When it re-affirmed the right to an abortion two decades later in Planned Parenthood v. Casey, the court didn’t bother with claiming to be uncertain — a claim that advances such ultrasound had rendered untenable. Instead, any moral consequences flowing from the fetus’ humanity were trumped by the woman’s right to self-definition and autonomy and the court’s institutional prerogatives. (In the ruling Justice David Souter essentially said that the court couldn't afford to admit it had been wrong; "to overrule [Roe] would subvert the court's legitimacy beyond any reasonable question.")

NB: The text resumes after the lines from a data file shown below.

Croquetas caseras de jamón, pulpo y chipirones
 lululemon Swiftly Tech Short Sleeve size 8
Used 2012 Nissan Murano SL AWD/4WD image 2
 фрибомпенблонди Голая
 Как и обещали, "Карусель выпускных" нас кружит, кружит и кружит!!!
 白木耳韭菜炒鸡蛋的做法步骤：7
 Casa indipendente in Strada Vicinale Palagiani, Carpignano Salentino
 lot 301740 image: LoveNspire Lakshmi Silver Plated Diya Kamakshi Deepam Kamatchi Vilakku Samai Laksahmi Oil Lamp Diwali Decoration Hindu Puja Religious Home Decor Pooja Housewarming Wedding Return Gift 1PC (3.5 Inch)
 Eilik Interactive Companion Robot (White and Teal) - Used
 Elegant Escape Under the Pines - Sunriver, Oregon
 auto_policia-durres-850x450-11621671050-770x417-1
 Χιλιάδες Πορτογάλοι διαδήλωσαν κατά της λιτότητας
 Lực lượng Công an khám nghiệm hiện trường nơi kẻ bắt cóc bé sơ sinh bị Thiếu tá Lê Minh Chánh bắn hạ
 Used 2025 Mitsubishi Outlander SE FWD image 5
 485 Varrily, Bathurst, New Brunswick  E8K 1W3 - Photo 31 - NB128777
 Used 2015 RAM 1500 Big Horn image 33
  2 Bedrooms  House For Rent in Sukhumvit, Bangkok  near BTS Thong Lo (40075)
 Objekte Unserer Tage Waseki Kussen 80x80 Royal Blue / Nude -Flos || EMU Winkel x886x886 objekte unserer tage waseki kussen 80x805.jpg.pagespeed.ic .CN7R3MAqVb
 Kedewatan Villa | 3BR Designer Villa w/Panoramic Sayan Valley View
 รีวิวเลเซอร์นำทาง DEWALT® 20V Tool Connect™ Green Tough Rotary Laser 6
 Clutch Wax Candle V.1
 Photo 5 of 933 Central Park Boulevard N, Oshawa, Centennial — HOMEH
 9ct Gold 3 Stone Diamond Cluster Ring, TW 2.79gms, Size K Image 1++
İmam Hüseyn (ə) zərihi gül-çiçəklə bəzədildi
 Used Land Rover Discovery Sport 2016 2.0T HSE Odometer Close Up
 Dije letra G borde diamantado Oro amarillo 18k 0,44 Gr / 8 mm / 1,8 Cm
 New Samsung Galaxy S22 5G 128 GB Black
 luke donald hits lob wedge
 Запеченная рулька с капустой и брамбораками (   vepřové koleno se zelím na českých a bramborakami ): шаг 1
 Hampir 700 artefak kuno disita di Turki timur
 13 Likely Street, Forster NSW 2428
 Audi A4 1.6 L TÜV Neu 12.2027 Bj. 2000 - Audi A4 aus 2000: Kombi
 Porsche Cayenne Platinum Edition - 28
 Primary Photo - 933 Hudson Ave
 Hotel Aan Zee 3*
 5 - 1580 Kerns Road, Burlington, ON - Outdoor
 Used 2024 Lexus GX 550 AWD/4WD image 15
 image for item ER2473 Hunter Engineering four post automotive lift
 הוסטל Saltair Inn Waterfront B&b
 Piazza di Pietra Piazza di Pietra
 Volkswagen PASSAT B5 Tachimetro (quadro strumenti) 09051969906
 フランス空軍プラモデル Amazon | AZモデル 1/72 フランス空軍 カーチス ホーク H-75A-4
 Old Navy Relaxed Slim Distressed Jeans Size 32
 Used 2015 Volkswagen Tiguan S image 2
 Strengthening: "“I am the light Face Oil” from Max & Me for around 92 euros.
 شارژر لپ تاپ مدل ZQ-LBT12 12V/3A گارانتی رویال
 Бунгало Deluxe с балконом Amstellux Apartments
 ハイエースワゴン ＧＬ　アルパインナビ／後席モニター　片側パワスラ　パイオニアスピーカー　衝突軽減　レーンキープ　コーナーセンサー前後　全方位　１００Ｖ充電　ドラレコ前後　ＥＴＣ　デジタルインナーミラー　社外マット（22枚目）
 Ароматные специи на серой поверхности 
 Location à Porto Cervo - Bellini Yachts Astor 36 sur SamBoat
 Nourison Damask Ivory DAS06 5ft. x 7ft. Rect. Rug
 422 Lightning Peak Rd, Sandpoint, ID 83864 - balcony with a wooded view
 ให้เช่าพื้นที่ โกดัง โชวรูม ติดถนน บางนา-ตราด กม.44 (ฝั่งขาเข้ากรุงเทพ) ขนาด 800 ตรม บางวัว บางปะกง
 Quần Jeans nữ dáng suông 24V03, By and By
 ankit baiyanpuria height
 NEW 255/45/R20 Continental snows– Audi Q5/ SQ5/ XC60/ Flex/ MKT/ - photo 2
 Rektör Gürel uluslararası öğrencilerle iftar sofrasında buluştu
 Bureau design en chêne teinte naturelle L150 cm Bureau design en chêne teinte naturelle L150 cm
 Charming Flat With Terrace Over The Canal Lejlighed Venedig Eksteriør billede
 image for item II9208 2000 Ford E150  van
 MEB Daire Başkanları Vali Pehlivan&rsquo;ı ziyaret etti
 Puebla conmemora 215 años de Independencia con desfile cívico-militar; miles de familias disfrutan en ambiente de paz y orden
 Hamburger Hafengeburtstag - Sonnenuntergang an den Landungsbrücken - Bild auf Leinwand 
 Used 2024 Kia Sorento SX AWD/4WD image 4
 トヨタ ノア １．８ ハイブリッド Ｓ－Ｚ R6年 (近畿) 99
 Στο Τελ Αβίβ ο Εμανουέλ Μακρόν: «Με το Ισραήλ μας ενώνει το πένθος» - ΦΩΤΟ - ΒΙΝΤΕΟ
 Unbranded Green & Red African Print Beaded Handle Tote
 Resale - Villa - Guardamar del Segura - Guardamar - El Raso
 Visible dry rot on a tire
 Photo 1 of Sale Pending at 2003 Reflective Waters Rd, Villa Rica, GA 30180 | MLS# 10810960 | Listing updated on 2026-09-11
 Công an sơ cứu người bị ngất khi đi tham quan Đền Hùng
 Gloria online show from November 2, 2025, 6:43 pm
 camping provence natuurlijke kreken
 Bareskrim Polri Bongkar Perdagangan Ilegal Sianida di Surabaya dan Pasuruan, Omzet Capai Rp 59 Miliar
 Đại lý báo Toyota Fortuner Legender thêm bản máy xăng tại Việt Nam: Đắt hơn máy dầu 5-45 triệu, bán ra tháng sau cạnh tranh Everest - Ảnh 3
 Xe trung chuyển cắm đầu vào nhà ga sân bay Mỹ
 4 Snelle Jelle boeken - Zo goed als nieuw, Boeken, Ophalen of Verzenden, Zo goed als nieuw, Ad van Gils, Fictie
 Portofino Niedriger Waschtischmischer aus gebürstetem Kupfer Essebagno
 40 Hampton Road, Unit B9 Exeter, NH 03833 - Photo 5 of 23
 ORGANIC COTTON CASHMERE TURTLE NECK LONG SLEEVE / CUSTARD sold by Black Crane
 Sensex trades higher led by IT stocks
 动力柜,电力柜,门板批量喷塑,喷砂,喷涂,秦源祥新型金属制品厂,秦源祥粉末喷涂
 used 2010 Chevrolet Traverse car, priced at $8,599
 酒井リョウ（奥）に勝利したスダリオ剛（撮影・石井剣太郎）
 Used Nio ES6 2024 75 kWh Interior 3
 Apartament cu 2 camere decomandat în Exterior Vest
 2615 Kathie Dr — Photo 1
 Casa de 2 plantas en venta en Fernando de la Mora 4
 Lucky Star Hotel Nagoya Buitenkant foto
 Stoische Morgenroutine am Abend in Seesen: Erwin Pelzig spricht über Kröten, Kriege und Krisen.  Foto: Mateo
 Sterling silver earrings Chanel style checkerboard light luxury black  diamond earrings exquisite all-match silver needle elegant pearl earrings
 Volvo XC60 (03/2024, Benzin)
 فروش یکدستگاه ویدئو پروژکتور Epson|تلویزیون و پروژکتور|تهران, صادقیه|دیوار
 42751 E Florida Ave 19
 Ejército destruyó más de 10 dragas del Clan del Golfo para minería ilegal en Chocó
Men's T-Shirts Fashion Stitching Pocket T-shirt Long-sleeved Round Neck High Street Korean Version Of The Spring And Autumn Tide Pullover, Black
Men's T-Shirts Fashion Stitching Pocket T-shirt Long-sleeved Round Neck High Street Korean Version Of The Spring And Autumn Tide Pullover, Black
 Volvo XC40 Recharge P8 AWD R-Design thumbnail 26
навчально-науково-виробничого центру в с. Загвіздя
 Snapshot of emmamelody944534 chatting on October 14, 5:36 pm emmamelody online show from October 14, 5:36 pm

As a result, the campaign to minimize suffering and maximize opportunity is free to proceed in an unfettered manner. And proceed it has, long before Brock gave his controversial remarks in Cranston. You see, the dirty little not-so-secret is that Americans are already practicing what Brock preaches. They are working to eliminate an entire class of disabled people: those with Down Syndrome.

These people have been, as Tucker Carlson put it in the Weekly Standard, “targeted for elimination.” According to several studies, 90 percent of the women who learned, through amniocenteses and chromosome analysis, that they were carrying a child with Down Syndrome subsequently had an abortion. Combine this with the way that doctors, for insurance, regulatory and legal reasons, strongly encourage their patients to undergo testing, and a pattern emerges: an unofficial, but nonetheless effective, effort to reduce the number of people with Down Syndrome.

Why? For many of the same reasons Brock cites: raising a child with Down Syndrome is expensive and, as Nachum Sicherman of Columbia University put it, most of the cost is “not going to be paid by parents.” And, of course, there are the non-monetary costs, such as “the number of women who would have to quit their careers to care for these babies,” mentioned by an embryologist in a New York Times article.

Mind you, there are differences between people with Down Syndrome and those described by Brock: people with Down Syndrome are often only mildly retarded. They can tell right from wrong, hold down jobs, and live semi-independent lives. In other words, they’re not what most people would call “severely disabled.”

Yet we are in the process of eliminating them. And that raises a disquieting thought: Brock may be underestimating people’s willingness to use abortion and genetic screening to make sure that their children meet their expectations, or at least don’t create more than an acceptable amount of dislocation in their lifestyles. As more and more disabilities, severe or otherwise, are added to the list of things we can test for in utero, the longer the list of folks targeted for elimination might become. It may turn out that Brock’s presentation wasn’t what economists would call a leading indicator; it was a trailing one.

Brock’s cultural transgression may have been a lack of the requisite sentimentality. He didn’t try to pass off his proposal as a misunderstood act of compassion, or as something that is really in the best interest of the unborn disabled person. Like another controversial ethicist, Peter Singer of Princeton (covered in Boundless here and here), his calculus was a strictly utilitarian one that asked “what course of action is most likely to increase the amount of happiness in the world?”

And whether we care to admit it or not, every discussion of bioethical issues that doesn’t begin with the inviolability of the human person comes down to a similar quid pro quo. We embrace, or at least, overlook, what just a few years ago was considered unthinkable in exchange for benefits such as increased freedom and opportunity. We exclude classes of people from the circle that contains those we deem worthy of protection. In exchange, we make life for those who remain within the circle a little better, at least as we have come to define “better.”

It works, or so we think, until someone comes along and upsets everything by reminding us of what it is we’ve been doing all along. Only this time, it’s our professions of shock that deserve to be called dubious.